I was told by Dish, all duel-tuner receivers are subject to the $5 charge.


----------



## bulldog200024 (Jan 27, 2006)

Kendick said:


> When ordering my VIP622, the CSR told me about the mandatory telephone connection, or a $5 charge. I explained that I had no phone jack near the Receiver's location and she suggested that the installing technician could put in a "wireless phone jack" using the electrical outlet.
> Does this ring a bell with anyone?


It would be nice if they would give you a wireless phone jack, but you can pick one up anywhere, I have seen them at walmart even. I think they are around 50-60 bucks, somewhere in that range. So it may be worth it if you plan on sticking with dish for a while


----------



## Notorious (Aug 18, 2005)

n0qcu said:


> NO - The only receivers that require a phoneline connect to save $5 per month are:
> 942
> 625
> 522
> ...


Ok BUT he told me Im currently being charged $5 for the 921 because its not plugged in. Last I checked my bill I didnt see this charge. I think he might be confused.


----------



## Rogueone (Jan 29, 2004)

as it was relayed to me, the $5 occurs if you have a dual tuner box and a single tuner box. and it's the single tuner box they are concerned with. why you ask? 

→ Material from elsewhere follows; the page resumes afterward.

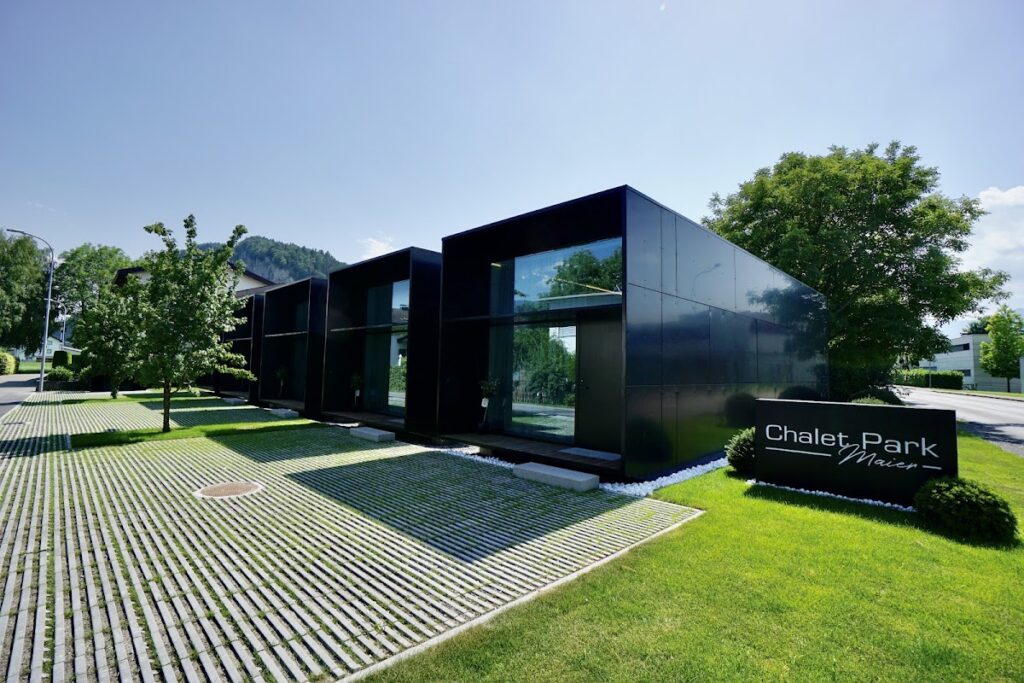 Chalet Park by Maier in Mäder – kontaktloser Check-in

simple. if you have a dual tuner, then logically you could have 2 TV's. a normal install. So where is that 2nd tuner? oh, you gave that to your neighbor or buddy so he could toss up a dish and "steal" what you said you were gonna use. so in order to compensate for those types of people, Dish charges $5 when the 2nd receiver (I think it was) isn't plugged in so they can make sure it's in YOUR house and not your buds. I got a little confused as to which receiver needed the phone line, just that i didn't was all i was caring about at that point  

but this only seems to matter for dual tuners, or maybe 3 and 4 tuner setups not sure. I know with a 921/501/301 I was told they didn't care, so it doesn't make complete sense


----------



## denness544 (Jan 14, 2006)

I have a 625 and when the phone plug came loose for a few days, everytime I turned on my receiver I would get a message telling me to plug it into a phone line or else I would be charged $5.99. So I don't think it's only for the single tuner receivers.


----------



## dartonviper (Mar 10, 2004)

Only the Dual tuners need to be plugged in to the phone. If you have 4 rooms hooked up and 2 of them have the 625 or 322 and the other 2 have 311's, the dual tuner is the only one that needs to be hooked up to the phone. With the 311's you are already getting the $5 additional charge.


----------



## jakattak (Feb 14, 2005)

Notorious said:


> Ok BUT he told me Im currently being charged $5 for the 921 because its not plugged in. Last I checked my bill I didnt see this charge. I think he might be confused.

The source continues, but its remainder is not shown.